RUSSIA’S
WAR ON UKRAINE
White House weighs three-way deal to get fighter
jets to Ukraine
Poland wants to donate its old MiGs to Ukraine. But
there’s a catch — it needs U.S. jets.
By
ALEXANDER WARD and PAUL MCLEARY
03/05/2022
07:01 PM EST
https://www.politico.com/news/2022/03/05/white-house-deal-fighter-jets-ukraine-00014424
The U.S.
remains in discussions with Poland to potentially backfill their fleet of
fighter planes if Warsaw decides to transfer its used MiG-29s to Ukraine, four
U.S. officials tell POLITICO.
The ongoing
talks, as President Volodymyr Zelenskyy pleads with Congress for help,
underscore the frantic push to find weapons to equip Ukrainian forces as they
continue to fight off the massive Russian invasion.
As Poland
weighed sending its warplanes to Ukraine last week, Warsaw asked the White
House if the Biden administration could guarantee it would provide them with
U.S.-made fighter jets to fill the gap.

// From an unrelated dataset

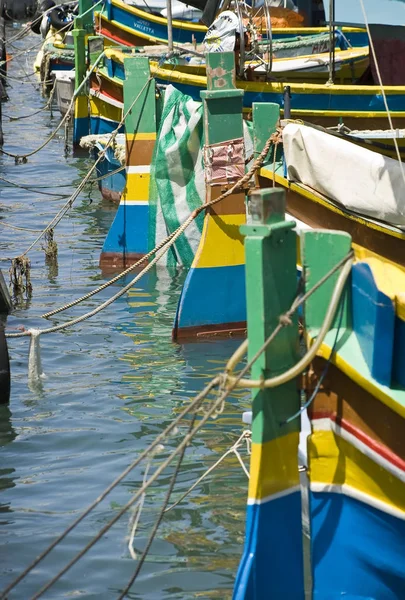 Kormidla Tradičních Rybářských Člunů Malty Rybářské Vesnici Marsaxlokk Lemující Nábřeží — Stock fotografie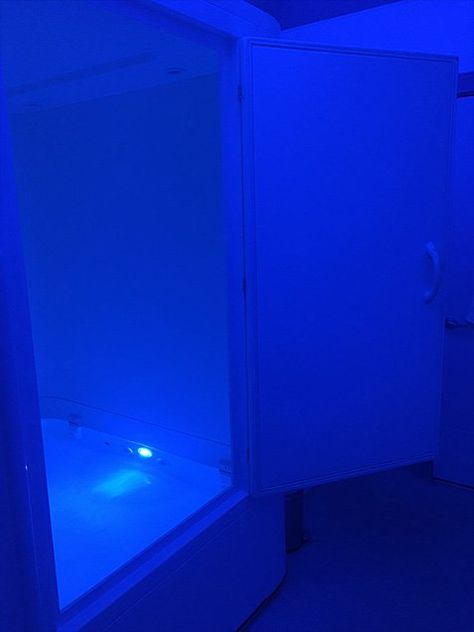 I Tried Floating in a Giant Sensory Deprivation Tank, and It Changed My Life  https://www.menshealth.com/health/sensory-deprivation-tanks-flotation-therapy Sensory Deprivation Tank Aesthetic, Sensory Deprivation Tank, Tank Aesthetic, Flotation Therapy, Float Tank, Deprivation Tank, Sensory Deprivation, Joe Rogan, Steph Curry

The White House said it would look into
the matter. The Biden administration didn’t oppose the Polish government giving
Kyiv the MiGs, which could potentially escalate tensions between NATO and
Moscow. Poland, for now, has held on to its fighter jets.
Discussions
between Warsaw and Washington are still underway, though authorization for new,
replacement fighter jets to Poland could take a long time.
“We are
working with the Poles on this issue and consulting with the rest of our NATO
allies,” a White House spokesperson told POLITICO. “We are also working on the
capabilities we could provide to backfill Poland if it decided to transfer
planes to Ukraine.”
Several
Eastern European countries like Poland, Bulgaria and Slovakia retain dozens of
Russian-made aircraft in their inventories and have been hesitant to give up
those planes without guarantees from the U.S. that they could replace them.
Poland has
been modernizing its aircraft fleet since 2006, when it first started flying
F-16s, and in 2020 signed a $4.6 billion deal for 32 F-35s, the first of which
will arrive in 2024, making those older Russian-made planes expendable.
The issue
of sending aircraft into the fight is more complex than the effort underway by
over two dozen European countries to send anti-armor and anti-air defensive
weapons to Ukraine. A steady stream of U.S. and British military planes have
been landing in Poland in recent days filled with those missiles, along with
other munitions, rations, and small arms and ammunition.
Over the
past several weeks the U.S. has sent 12,000 troops to Europe to backstop
nervous allies along NATO’s Eastern front, the majority of which went to Poland
to join the 4,000 U.S. troops already stationed there. The troops are
conducting training missions with the Polish military, and could be called on
to assist with a humanitarian emergency if the flood of war refugees overwhelms
Polish and E.U. authorities.
The White
House has “in no way opposed Poland transferring planes to Ukraine,” the
spokesperson added, pointing out how difficult an operation it would be to get
the planes into Ukraine. Russian officials have pledged to attack any convoys
carrying weapons entering the country.
The issue
of transferring American F-16s to Poland is a complex one, given the sensitive
avionics on American planes that may not always be legal to transfer overseas.
After
Zelenskyy’s impassioned Zoom call with senators on Saturday, during which he
urged the U.S. to send planes, drones and Stinger missiles to Ukraine and
impose oil sanctions on Russia, Sens. Rob Portman (R-Ohio) and Jeanne Shaheen
(D-N.H.) sent a letter to President Joe Biden throwing their full support
behind backfilling Poland with F-16s if they were to hand over their Russian
planes, saying they would work to ensure there was funding to finance the
transfer.
The
on-again, off-again effort to get MiGs into Ukraine started last weekend, when
European Union security chief Josep Borrell made the startling announcement
that several countries would soon ship fighter jets to the border for transfer
to Ukraine’s armed forces.
Ukrainian
officials told POLITICO at the time that several of their pilots had already
arrived in Poland for the handoff, but the deal stalled out. Bulgaria and
Slovakia also rejected the idea, and the Ukrainian pilots left empty-handed.
The U.S.
has already shipped $240 million of the $350 million in military assistance
Biden approved recently, with the rest expected to arrive in the coming days.